If you’ve ever been to Adhoc’s Addendum in Yountville / Napa Valley, California, you know their fried chicken is OFF THE HOOK. If you have a gluten allergy or sensitivity, I’m here to share the gluten free / paleo version so you can experience the best damn fried chicken of your life.
Because this recipe is a labor of love, we generally make this once or twice a year and usually around Easter and some time in the Fall. With shelter in place, we didn’t get the opportunity to enjoy this chicken with our extended family, but it was a beautiful day outside, so we made the most of it with our roommates downstairs.
This fried chicken is:
- Super moist and tender from the brining technique (so don’t skip this step)
- Crunchy from the flash frying then finished off cooking in the oven
- Packed with flavor from all those spices and herbs
- Pairs well with my ham and cheese or cassava flour waffles
- Makes you feel all happy inside after the first bite
I hope you enjoy this recipe my friends! If you end up making this recipe, please tag me on Instagram and use the hashtag #fullasamother.
Happy cooking!
Fried Chicken 2.0
Equipment
- Fried Chicken 2.0
Ingredients
- For the chicken
- 12-14 drumsticks and/or thighs
- For the Brine
- 8-10 cups water
- ½ cup kosher salt
- 24 oz jar of pickle juice reserve the pickles for your appetizer board!
- 6 dried bay leaves
- 6 large garlic cloves skin left on, smashed
- 2 tablespoons black peppercorns
- 2 large rosemary sprigs optional
- 1 large bunch thyme sprigs optional
- 1 large bunch flat leaf parsley sprigs optional
- For the Coating
- 1 ½ cups Cassava flour
- 1 ½ cups 4505 chicharrones grounded into a course meal (use blender or food processor)
- 1 tablespoon garlic powder
- 1 tablespoon onion powder
- 1 teaspoon paprika
- 1 teaspoon cayenne pepper
- 2 teaspoons kosher salt
- ½ teaspoon freshly ground black pepper
- For Frying and Serving
- 1 quart buttermilk coconut buttermilk or almond buttermilk can be substituted
- 5 cups avocado oil
- Kosher salt
- Rosemary and thyme sprigs and sliced lemon for garnishing
Instructions
- In a large pot over medium heat, add all the brine ingredients and simmer on medium low for 5 minutes, then allow the brine to cool completely.
- Using an extra large bowl, add the chicken and pour the brine into the bowl, ensuring all pieces of the chicken are saturated in the brine. Cover and refrigerate overnight or up to 24 hours.
- When you’re ready to cook the chicken, discard the brine and rinse the chicken in water. Be sure to remove all the brine ingredients from the chicken, and pat the chicken dry with a paper towel.
- Preheat the oven to 400F degrees and line 2 large sheet pans with parchment paper and place a cooling rack on each sheet pan.

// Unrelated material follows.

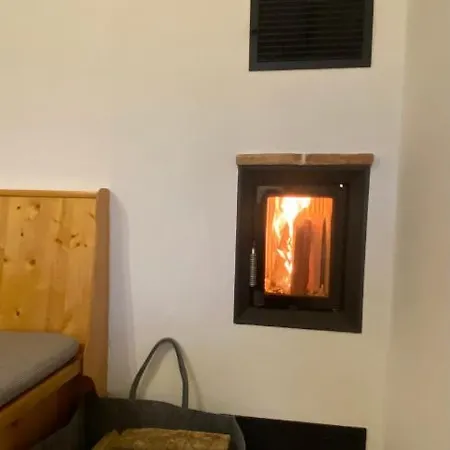 Haus Am Berg * Turracher Hohe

- Using a large dutch oven or large cast iron skillet, add avocado oil over medium high heat. Bring the oil temperature up to 330F degrees or add a pinch of flour to the pan/pot and if it starts to sizzle immediately, the oil is ready.
- In one large bowl, add all the dry ingredients for the coating, and whisk to combine.
- In another large bowl, add the buttermilk
- Just before frying, dip each piece of chicken into the coating, patting off the excess, then into the buttermilk and back into the coating. Place the chicken on a parchment lined sheet tray.
- When the oil has reached the proper temperature, carefully lower the pieces of chicken into the oil. The temperature of the oil will decrease. Adjust the heat as necessary to bring the oil to proper temperature. Fry the chicken for 5-6 minutes or until golden brown and crisp. Remove the chicken, and place it on a top of the cooling rack that’s placed on top of a large sheet pan. Allow the oil to come back to the proper temperature and repeat this process for the remaining chicken.
- After all the chicken has been fried, ensure the chicken is evenly distributed on the sheet pan and place both pans in the oven and cook for 35-45 minutes, or until juices from the chicken run clear.
- Remove chicken from the oven, season with sea salt and serve immediately. Garnish with lemon, rosemary and thyme sprigs.